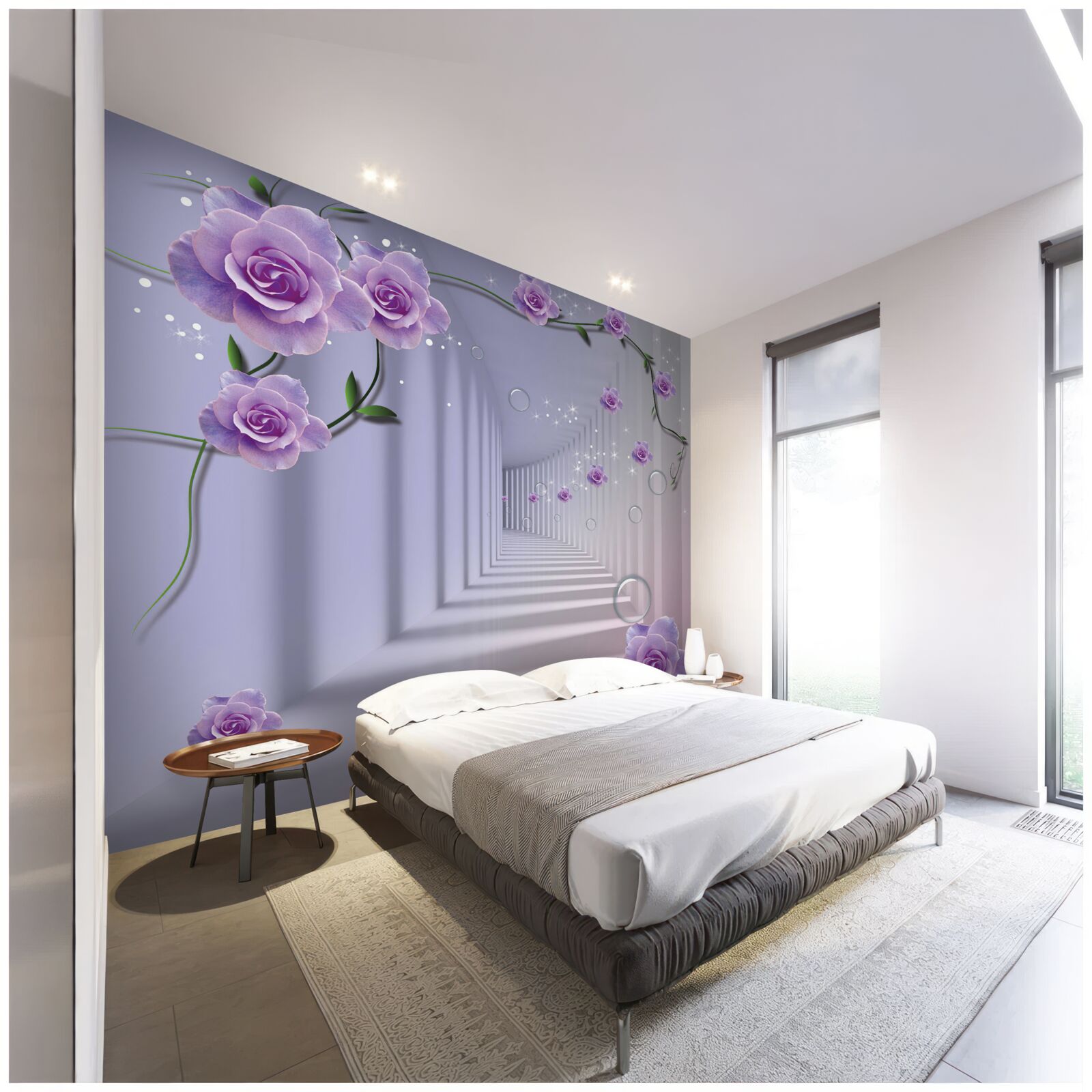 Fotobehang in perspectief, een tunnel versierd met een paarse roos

==

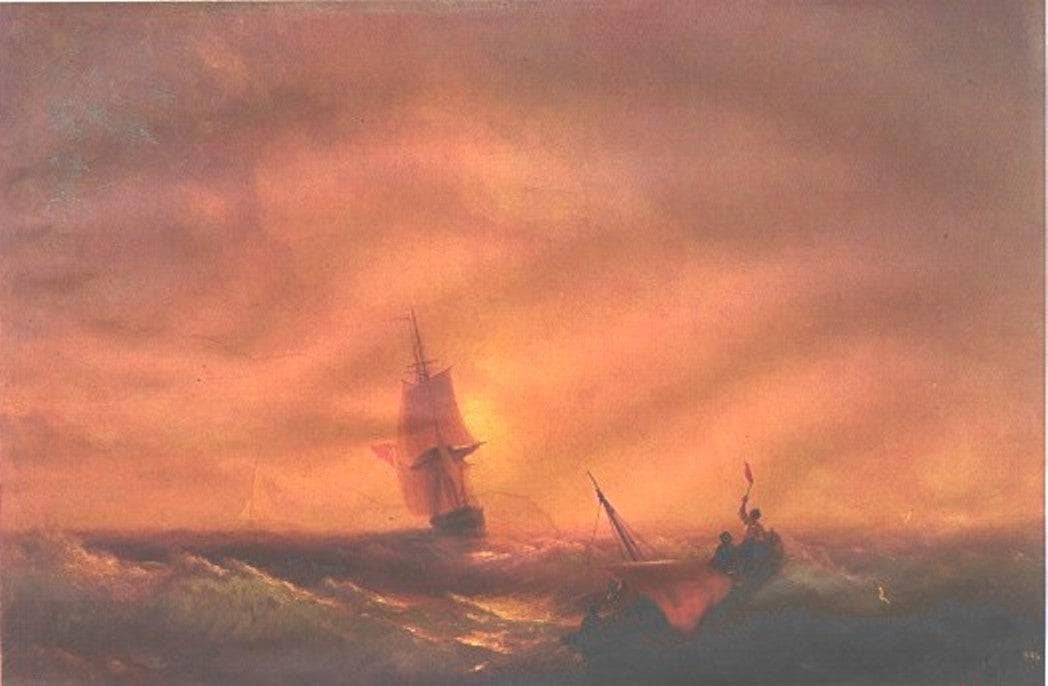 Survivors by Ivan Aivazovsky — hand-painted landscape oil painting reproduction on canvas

* * *

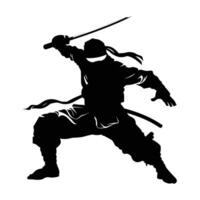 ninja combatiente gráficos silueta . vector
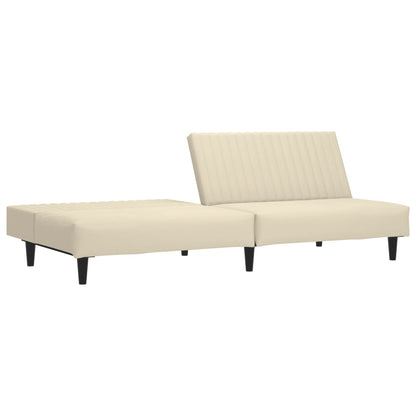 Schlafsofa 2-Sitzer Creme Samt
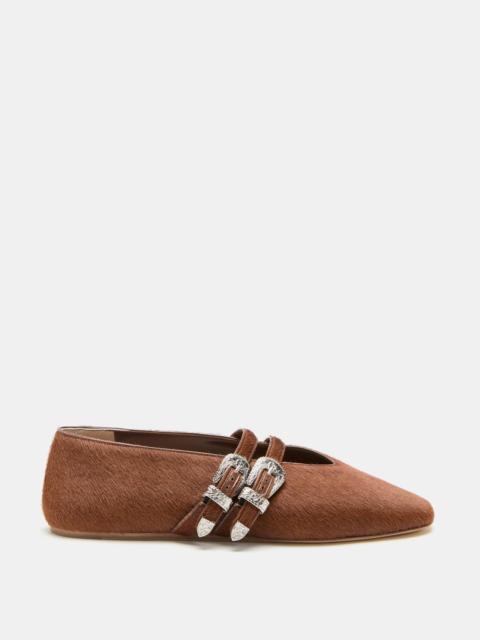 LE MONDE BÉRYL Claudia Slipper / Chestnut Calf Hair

### Prompt
Pictures in the entries do not go into the copy. Print only the lines starting at the one containing "ninja combatiente gráficos silueta . vector" and ending at the one containing "LE MONDE BÉRYL", exactly as they appear.

### Output
 ninja combatiente gráficos silueta . vector
 Schlafsofa 2-Sitzer Creme Samt
 LE MONDE BÉRYL Claudia Slipper / Chestnut Calf Hair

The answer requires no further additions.